**What to produce**
From the first line to the last, please reproduce the material exactly, skipping the pictures.

**Information supplied**
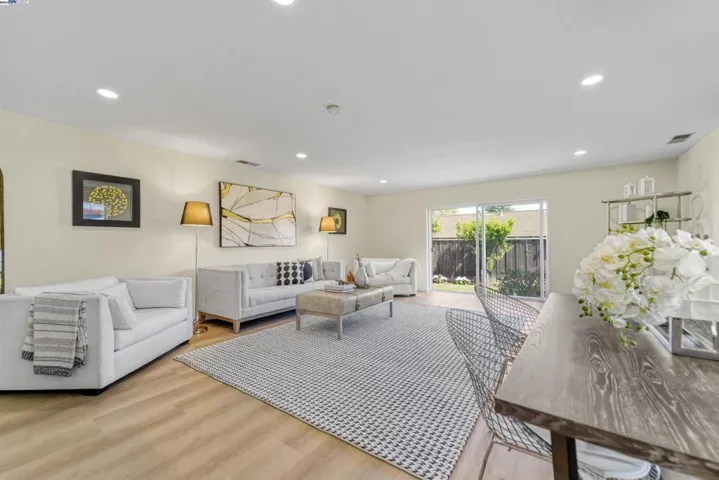 975 E Homestead Rd, Sunnyvale, California 94087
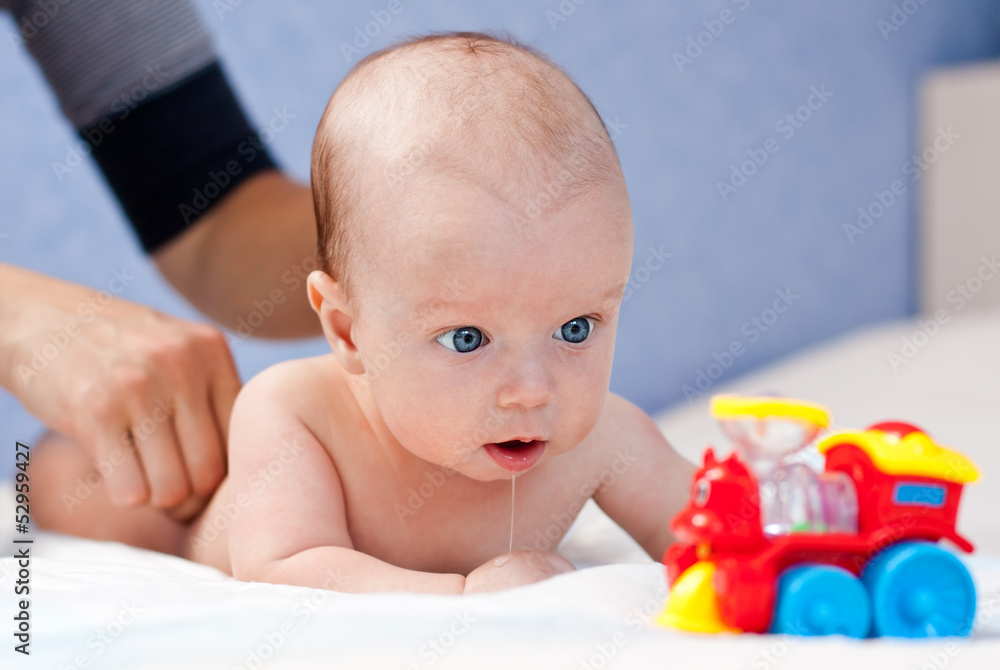 massage newborn baby lying on his stomach massage newborn baby lying on his stomach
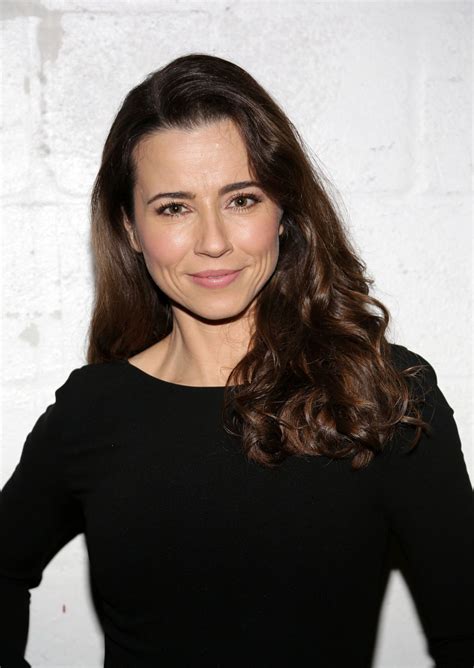 LINDA CARDELLINI at Despierta America in Miami 12/17/2015 – HawtCelebs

**Response box**
 975 E Homestead Rd, Sunnyvale, California 94087
 massage newborn baby lying on his stomach massage newborn baby lying on his stomach
 LINDA CARDELLINI at Despierta America in Miami 12/17/2015 – HawtCelebs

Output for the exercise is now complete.